La discipline est une des formes sociales organisées de la technicisation du corps par le pouvoir – une technologie du pouvoir. « L’exercice, c’est cette technique par laquelle on impose aux corps des tâches à la fois répétitives et différentes, mais toujours graduées ». Ce qui lui est caractéristique, c’est le fait qu’on puisse l’intensifier et l’observer. On peut mesurer ses résultats et les apprécier (…)

Le corps est docile : il prolonge en lui-même les leçons de mouvements exemplaires dans faire-encore-une-fois ; il se transforme en profondeur et façonne son mécanisme en correspondance avec les leçons qu’il reçoit. Il devient toujours mieux utilisable, pour le sujet lui-même comme pour les autres (…)

À l’entraînement du corps par des mouvements s’ajoute le pouvoir politique qui devient « un élément » dans une technologie politique du corps ». À l’époque moderne, selon l’hypothèse de Foucault, la politique vise une soumission qui ne se termine jamais. Celle-ci est réalisée quand l’individu prend lui-même en charge la fonction de contrôle qui était auparavant exercée par l’institution en place, et la dirige contre lui-même (…) il n’existe selon Foucault aucune instance de contrôle intérieur et psychique : c’est le corps lui-même. Ce contrôle n’emploie aucune instance centrale, mais est réparti dans le corps (…)

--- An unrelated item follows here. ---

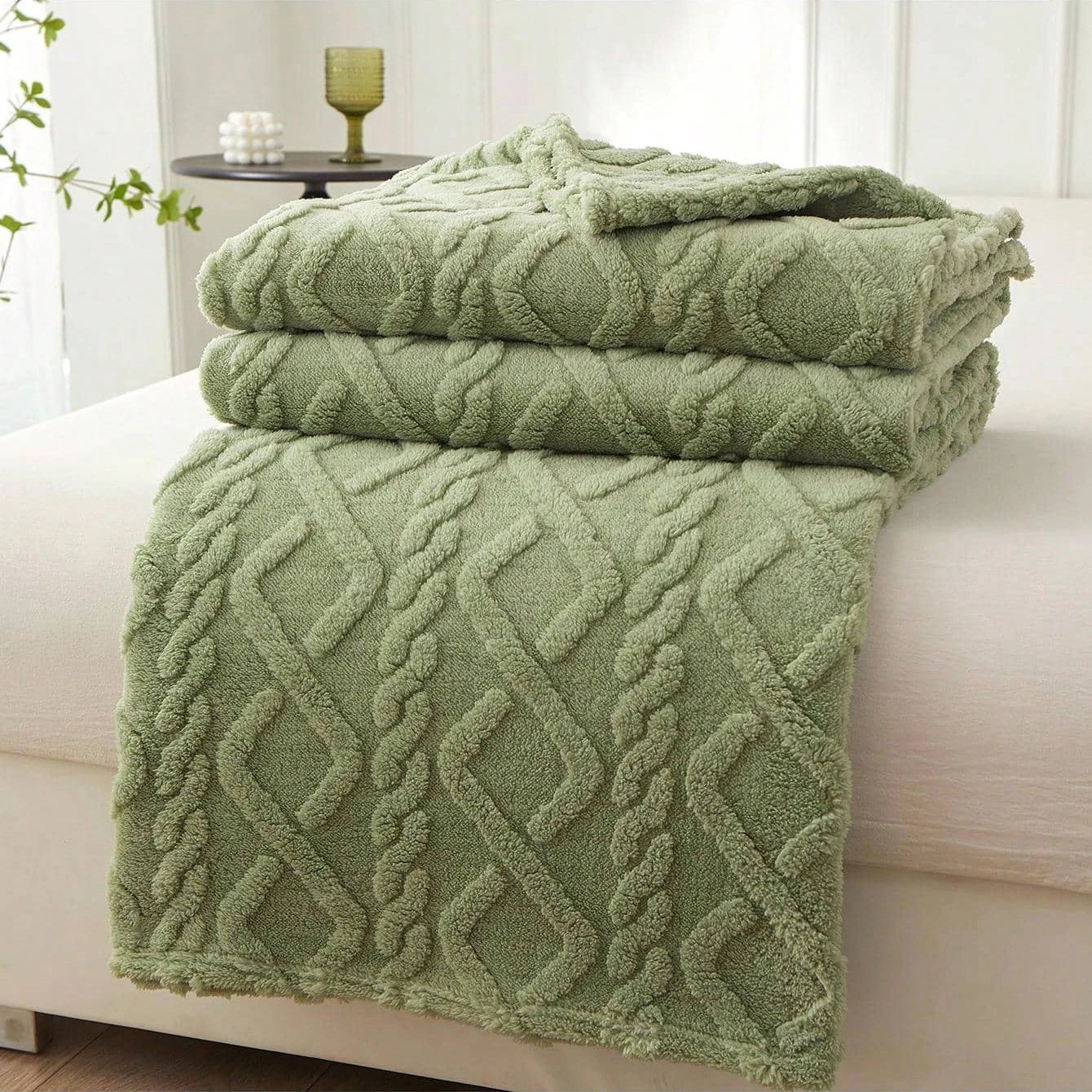 NOUVEAU RICHE Fleece-Decke Koralle 150x200 cm Für Wohnzimmer Und Nickerchen Grün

Une autre technique importante qui a pour effet de faire sentir le pouvoir du corps, mais qui laisse également les individus lui obéir de plein gré, est l’examen. Les mouvements du sujet y sont fixés comme un objet que l’on peut décrire et analyser dans ses capacités et ses habiletés. Lors de l’examen, les mouvements deviennent des objets d’observation scientifique, de description, de recherche et de formation théorique. L’entrée « dans le champ du savoir » reconstruit les corps et les mouvements à un niveau théorique plus élevé, établi en amont de l’agir mimétique. Après cette première étape naît un nouveau type de pouvoir qui s’appuie essentiellement sur le savoir scientifique sur les individus.